• EXERCISE BRIEF: Select from the records below every line that has the word "Birmingham" in it.

Records from a data source:
+ + +
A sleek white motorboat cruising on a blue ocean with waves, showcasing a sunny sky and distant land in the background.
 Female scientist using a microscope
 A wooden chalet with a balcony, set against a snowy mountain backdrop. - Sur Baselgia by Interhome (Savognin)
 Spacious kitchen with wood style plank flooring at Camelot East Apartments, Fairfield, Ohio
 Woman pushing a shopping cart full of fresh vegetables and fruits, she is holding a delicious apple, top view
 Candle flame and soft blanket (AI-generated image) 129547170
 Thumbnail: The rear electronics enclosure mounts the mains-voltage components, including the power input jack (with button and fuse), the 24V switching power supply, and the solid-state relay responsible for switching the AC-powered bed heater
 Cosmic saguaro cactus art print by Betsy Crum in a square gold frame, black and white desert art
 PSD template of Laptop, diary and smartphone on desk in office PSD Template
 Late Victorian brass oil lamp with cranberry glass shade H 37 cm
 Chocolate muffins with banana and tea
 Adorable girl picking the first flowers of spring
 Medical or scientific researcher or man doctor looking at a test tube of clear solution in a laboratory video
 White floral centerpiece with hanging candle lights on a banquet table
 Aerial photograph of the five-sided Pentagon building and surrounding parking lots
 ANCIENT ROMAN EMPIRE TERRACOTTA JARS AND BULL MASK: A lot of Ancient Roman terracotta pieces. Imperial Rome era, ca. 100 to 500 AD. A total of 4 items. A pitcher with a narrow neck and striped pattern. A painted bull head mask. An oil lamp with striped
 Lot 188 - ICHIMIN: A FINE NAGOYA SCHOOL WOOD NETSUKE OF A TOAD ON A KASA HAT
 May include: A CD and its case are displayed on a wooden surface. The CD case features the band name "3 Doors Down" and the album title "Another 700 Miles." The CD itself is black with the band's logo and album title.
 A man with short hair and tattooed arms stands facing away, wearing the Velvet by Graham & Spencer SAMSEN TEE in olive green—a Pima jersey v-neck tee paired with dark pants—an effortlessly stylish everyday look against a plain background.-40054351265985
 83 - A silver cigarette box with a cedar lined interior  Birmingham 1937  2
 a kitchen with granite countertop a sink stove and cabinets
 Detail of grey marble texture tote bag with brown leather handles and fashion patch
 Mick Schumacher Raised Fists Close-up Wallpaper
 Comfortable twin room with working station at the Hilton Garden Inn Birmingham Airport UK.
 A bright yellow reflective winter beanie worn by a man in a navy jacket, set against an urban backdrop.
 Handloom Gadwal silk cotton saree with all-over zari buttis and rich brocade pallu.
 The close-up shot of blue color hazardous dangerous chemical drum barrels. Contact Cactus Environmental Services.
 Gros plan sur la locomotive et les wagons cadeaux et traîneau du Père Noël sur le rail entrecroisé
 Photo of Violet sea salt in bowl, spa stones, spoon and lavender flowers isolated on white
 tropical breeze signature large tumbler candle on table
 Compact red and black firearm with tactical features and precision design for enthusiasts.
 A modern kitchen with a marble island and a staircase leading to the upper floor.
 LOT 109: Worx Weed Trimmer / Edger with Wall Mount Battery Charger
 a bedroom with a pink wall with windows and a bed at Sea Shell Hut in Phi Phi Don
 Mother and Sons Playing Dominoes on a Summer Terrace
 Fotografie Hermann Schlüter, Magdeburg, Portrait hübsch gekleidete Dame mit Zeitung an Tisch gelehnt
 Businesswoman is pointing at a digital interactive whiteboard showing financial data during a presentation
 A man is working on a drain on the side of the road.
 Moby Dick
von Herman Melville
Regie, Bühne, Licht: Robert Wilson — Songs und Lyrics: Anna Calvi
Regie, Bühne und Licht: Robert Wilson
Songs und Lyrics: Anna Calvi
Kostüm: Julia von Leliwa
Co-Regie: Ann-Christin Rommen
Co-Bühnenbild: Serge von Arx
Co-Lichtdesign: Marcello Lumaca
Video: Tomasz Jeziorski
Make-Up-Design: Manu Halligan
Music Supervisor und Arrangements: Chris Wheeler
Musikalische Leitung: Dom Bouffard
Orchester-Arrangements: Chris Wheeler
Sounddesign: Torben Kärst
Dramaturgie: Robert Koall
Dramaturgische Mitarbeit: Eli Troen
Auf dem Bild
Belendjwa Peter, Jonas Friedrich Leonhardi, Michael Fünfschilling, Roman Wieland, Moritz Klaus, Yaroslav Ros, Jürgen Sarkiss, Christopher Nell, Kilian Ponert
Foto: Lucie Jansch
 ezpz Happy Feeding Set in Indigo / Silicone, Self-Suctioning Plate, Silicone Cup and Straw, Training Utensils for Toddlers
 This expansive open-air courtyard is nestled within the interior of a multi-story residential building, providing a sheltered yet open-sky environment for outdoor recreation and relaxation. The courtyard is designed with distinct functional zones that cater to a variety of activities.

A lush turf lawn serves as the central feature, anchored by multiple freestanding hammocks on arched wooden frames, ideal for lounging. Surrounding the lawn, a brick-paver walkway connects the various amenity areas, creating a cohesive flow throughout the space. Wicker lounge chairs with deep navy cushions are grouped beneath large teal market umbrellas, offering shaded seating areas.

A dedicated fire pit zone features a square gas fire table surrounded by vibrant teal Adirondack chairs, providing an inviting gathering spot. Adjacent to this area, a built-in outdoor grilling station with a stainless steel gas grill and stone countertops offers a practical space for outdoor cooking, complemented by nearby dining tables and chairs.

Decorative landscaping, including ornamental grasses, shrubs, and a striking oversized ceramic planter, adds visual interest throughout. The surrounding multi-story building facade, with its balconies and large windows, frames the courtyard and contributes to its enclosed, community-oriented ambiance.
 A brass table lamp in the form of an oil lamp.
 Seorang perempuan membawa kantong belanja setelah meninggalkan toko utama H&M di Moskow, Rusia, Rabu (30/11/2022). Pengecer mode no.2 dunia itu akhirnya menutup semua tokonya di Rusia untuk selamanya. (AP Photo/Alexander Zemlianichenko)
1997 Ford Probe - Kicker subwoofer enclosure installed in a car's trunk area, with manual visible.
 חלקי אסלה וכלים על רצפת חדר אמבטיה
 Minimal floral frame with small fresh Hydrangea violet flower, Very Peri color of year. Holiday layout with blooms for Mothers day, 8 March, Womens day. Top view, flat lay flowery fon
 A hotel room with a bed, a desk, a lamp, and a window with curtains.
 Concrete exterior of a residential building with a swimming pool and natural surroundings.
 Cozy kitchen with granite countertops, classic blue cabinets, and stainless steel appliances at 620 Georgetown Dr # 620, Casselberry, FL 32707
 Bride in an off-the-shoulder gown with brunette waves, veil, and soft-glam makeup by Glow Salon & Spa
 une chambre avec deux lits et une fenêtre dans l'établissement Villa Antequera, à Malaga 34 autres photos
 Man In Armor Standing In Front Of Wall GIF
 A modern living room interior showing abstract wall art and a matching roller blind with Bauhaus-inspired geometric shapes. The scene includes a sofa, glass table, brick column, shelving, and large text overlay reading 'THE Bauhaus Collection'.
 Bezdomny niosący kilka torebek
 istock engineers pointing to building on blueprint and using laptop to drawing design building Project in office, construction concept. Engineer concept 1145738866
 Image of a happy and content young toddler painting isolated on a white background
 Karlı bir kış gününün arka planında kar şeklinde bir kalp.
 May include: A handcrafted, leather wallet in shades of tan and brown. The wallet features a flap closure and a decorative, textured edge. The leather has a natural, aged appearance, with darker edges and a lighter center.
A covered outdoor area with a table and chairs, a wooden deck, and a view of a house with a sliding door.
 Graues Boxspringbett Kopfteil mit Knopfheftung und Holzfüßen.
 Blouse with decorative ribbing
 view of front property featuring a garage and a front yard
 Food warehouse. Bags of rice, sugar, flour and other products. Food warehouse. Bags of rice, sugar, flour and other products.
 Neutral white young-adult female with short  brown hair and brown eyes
+ + +
• SOLUTION BELOW:
 83 - A silver cigarette box with a cedar lined interior  Birmingham 1937  2
 Comfortable twin room with working station at the Hilton Garden Inn Birmingham Airport UK.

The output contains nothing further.